[Records from a collection]
■ ■ ■ ■

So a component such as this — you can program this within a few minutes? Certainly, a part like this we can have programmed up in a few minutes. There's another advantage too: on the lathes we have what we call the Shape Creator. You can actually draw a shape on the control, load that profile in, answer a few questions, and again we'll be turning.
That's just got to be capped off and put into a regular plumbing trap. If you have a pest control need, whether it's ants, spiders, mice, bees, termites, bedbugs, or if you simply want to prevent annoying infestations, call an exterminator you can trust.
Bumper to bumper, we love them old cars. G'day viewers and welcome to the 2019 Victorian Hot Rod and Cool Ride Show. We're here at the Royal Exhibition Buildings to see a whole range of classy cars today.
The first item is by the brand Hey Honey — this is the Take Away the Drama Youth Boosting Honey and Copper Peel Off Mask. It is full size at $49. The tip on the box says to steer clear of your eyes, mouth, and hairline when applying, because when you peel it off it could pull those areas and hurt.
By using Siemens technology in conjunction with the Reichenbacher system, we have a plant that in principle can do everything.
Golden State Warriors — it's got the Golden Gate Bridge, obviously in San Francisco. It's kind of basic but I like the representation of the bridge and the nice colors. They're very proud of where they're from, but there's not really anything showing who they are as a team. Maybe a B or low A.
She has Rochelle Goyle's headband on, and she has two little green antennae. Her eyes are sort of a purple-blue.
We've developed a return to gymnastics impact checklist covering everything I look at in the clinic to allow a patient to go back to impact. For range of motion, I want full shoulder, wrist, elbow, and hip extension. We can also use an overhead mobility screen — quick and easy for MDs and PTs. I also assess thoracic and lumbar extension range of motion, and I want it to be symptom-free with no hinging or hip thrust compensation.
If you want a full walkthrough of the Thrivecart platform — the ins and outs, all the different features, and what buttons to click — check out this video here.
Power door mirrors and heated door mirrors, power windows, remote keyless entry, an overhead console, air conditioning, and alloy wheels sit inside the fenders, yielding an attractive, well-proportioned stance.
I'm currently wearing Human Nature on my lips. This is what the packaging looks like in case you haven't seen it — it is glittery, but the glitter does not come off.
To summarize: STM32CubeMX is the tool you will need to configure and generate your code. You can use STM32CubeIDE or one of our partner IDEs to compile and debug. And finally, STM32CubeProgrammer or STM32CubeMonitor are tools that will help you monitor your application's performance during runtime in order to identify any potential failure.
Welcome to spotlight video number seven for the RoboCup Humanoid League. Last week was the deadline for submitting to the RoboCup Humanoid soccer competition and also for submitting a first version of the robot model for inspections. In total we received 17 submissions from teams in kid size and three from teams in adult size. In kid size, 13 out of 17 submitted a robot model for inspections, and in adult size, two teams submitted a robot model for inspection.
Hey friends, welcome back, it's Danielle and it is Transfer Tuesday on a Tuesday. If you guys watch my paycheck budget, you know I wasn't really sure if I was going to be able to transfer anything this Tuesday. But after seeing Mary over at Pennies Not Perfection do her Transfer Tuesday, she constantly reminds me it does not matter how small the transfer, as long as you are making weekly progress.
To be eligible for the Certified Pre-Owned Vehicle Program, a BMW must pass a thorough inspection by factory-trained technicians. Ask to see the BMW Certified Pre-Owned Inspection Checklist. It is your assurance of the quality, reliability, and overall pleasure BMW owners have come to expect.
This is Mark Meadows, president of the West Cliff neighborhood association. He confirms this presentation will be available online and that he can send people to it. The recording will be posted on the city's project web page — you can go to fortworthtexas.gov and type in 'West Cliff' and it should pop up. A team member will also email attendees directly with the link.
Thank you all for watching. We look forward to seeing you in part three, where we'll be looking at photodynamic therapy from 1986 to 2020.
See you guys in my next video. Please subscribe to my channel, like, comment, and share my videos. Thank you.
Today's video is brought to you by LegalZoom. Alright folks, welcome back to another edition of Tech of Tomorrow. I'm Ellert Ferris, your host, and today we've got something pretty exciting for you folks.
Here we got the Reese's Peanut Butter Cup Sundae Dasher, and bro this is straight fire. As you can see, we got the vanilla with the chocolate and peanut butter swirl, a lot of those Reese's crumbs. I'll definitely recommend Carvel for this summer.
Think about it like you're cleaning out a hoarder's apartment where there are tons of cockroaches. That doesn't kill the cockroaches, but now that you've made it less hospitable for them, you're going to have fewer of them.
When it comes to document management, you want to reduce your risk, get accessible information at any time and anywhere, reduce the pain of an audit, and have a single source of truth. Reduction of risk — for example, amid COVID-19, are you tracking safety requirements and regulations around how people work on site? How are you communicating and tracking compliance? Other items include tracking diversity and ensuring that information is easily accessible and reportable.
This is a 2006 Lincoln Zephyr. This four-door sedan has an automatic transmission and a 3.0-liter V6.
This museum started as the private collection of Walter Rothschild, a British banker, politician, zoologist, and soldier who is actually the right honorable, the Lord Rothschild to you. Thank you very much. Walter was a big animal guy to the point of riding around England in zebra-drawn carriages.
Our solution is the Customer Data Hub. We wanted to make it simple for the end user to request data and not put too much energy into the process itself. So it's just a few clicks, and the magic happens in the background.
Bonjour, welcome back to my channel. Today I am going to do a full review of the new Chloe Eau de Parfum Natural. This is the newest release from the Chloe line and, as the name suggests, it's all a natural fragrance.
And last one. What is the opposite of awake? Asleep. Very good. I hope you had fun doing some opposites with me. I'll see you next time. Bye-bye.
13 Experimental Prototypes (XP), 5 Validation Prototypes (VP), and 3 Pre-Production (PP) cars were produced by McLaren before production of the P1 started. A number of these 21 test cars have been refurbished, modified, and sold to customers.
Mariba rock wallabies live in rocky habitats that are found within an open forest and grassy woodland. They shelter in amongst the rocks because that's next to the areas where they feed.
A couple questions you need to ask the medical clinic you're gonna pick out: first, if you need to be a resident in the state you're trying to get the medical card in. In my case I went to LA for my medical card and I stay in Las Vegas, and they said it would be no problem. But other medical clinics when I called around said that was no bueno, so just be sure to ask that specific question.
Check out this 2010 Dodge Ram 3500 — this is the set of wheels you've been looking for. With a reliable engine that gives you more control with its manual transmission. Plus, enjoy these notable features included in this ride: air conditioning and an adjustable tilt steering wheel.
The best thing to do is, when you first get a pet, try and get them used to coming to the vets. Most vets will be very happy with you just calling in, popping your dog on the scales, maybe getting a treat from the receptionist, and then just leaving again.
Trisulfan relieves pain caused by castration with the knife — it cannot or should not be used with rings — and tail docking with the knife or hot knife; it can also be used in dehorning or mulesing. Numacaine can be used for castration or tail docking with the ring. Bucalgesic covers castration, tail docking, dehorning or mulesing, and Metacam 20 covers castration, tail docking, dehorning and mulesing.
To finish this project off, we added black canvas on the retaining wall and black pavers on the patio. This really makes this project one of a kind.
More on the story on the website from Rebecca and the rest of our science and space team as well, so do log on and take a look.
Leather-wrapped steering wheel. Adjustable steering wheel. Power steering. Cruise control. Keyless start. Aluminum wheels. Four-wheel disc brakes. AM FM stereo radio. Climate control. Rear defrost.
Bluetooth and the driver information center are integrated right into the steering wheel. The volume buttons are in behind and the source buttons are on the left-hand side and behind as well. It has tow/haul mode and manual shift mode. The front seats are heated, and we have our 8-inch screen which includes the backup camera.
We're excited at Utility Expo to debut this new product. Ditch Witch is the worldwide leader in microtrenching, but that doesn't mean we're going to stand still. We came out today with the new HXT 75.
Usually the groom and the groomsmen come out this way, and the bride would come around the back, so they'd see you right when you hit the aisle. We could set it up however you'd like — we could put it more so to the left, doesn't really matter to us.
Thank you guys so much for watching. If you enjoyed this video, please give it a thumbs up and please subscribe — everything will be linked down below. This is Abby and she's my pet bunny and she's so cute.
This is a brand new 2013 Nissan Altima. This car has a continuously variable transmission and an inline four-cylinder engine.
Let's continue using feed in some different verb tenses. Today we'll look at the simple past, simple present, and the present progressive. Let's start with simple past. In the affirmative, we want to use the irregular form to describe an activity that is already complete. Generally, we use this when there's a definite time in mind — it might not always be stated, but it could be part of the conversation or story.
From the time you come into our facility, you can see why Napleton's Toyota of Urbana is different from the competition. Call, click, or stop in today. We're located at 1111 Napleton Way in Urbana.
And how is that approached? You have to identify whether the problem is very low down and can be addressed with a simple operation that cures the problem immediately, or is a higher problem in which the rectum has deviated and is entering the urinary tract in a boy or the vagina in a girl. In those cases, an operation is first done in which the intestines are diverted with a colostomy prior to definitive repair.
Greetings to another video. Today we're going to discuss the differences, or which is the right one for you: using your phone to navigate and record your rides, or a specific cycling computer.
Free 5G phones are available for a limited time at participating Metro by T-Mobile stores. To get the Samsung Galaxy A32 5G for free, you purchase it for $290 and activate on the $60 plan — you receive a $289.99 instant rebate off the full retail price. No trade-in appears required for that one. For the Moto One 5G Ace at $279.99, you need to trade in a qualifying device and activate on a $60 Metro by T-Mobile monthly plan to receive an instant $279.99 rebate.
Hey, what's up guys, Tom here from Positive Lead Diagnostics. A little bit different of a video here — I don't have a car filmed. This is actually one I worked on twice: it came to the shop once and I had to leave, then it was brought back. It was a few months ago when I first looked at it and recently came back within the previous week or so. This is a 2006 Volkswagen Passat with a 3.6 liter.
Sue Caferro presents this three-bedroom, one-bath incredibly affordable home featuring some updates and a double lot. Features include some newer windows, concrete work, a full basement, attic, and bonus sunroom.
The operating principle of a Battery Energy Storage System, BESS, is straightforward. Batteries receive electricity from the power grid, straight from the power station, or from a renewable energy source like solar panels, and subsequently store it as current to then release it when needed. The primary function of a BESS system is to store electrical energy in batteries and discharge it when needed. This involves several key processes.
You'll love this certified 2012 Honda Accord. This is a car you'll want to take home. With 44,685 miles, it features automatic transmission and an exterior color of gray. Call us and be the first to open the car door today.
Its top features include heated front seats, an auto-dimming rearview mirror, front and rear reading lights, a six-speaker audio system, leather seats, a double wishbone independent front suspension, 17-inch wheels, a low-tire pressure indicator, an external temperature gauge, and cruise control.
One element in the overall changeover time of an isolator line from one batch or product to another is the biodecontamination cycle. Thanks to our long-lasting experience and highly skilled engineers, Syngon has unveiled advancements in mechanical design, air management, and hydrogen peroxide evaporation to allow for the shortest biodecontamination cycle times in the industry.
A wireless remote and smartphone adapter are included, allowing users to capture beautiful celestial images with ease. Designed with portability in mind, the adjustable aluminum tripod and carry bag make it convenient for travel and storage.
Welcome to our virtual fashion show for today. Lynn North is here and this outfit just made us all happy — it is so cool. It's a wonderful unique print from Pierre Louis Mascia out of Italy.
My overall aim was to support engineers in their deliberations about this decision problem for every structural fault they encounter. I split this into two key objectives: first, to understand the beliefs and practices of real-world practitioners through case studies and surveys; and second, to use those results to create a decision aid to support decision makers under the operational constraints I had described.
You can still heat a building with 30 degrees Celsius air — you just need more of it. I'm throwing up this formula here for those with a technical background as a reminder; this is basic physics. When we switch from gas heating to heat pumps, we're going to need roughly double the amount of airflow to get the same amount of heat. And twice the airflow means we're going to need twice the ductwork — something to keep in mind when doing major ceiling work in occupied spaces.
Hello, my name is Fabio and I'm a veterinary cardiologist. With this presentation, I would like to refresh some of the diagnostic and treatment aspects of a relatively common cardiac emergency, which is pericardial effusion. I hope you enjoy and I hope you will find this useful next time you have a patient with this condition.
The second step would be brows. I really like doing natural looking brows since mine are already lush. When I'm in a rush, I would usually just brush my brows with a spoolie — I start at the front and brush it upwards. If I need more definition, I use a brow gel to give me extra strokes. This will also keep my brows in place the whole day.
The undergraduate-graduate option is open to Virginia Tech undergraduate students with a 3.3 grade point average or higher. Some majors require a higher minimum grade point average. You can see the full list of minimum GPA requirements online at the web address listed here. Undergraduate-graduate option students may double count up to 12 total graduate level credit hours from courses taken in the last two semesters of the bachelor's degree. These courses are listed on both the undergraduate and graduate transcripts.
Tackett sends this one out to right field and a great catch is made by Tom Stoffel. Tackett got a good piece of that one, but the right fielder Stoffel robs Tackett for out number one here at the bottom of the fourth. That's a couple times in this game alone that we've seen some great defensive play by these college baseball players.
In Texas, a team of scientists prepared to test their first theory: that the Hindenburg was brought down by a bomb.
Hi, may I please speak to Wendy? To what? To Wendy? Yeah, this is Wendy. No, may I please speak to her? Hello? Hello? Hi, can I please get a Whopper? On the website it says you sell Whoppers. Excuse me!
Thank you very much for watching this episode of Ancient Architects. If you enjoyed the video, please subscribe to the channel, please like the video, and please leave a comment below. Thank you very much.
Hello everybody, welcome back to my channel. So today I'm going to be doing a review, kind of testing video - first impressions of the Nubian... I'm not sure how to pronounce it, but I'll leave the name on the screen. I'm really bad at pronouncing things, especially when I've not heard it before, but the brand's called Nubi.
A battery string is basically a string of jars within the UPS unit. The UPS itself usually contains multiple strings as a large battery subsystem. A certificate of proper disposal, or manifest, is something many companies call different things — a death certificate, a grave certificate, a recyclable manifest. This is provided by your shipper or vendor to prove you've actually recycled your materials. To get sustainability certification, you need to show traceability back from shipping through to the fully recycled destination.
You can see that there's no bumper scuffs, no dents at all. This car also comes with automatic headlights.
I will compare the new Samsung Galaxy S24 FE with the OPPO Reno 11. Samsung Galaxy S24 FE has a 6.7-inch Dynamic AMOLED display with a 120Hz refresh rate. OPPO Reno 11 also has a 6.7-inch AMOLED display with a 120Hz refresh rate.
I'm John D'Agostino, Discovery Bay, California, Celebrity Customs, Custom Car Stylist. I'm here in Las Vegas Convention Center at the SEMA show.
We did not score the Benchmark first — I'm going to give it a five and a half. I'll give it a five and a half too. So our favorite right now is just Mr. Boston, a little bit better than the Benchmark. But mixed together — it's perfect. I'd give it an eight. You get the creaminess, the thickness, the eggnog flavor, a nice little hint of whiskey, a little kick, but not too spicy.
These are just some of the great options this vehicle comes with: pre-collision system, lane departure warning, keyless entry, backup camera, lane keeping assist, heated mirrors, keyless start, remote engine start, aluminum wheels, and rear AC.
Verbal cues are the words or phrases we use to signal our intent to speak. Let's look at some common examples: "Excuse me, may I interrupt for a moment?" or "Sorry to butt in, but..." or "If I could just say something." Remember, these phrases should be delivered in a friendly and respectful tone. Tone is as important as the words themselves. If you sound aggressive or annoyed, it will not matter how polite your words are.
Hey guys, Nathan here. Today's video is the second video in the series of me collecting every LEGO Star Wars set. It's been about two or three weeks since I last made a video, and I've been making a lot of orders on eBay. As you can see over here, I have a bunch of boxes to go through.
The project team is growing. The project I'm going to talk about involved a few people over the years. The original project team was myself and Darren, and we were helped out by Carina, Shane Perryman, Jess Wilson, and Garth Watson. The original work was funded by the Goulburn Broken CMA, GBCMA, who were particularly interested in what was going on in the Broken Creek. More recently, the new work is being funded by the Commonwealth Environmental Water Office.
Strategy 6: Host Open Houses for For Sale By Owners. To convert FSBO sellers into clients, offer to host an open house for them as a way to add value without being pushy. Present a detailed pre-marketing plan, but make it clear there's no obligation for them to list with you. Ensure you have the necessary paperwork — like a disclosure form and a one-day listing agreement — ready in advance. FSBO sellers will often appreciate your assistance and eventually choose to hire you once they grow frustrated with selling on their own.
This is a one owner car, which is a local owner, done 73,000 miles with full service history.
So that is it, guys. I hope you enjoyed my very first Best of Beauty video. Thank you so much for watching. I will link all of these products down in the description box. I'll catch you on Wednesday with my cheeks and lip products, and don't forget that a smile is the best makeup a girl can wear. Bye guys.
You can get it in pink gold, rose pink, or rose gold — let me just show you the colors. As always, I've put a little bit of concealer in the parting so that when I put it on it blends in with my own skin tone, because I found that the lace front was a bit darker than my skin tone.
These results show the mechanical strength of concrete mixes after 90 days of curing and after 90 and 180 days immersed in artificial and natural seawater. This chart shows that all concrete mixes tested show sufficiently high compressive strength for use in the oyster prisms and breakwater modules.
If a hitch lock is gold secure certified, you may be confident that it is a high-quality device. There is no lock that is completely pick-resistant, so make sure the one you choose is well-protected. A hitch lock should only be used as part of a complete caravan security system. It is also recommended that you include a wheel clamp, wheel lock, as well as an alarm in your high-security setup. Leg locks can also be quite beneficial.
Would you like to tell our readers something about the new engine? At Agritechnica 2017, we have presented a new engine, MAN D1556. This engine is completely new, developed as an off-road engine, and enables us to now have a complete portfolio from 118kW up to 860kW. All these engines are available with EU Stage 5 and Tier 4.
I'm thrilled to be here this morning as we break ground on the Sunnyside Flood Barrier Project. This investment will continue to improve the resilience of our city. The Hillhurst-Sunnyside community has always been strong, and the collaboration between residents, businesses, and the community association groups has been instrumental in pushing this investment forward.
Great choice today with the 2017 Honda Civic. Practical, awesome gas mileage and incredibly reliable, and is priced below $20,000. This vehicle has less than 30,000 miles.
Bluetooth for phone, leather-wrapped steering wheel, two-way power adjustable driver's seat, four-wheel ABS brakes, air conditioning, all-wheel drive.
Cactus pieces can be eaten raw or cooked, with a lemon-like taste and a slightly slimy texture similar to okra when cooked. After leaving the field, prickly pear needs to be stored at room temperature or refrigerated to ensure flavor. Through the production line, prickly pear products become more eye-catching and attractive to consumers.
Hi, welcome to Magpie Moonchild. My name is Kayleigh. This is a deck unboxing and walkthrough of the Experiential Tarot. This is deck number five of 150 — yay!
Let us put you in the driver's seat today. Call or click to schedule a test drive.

■ ■ ■ ■

▶ What is needed
Using the data above, return every line that contains the string "whole".

▶ Response to the task
Bumper to bumper, we love them old cars. G'day viewers and welcome to the 2019 Victorian Hot Rod and Cool Ride Show. We're here at the Royal Exhibition Buildings to see a whole range of classy cars today.
The second step would be brows. I really like doing natural looking brows since mine are already lush. When I'm in a rush, I would usually just brush my brows with a spoolie — I start at the front and brush it upwards. If I need more definition, I use a brow gel to give me extra strokes. This will also keep my brows in place the whole day.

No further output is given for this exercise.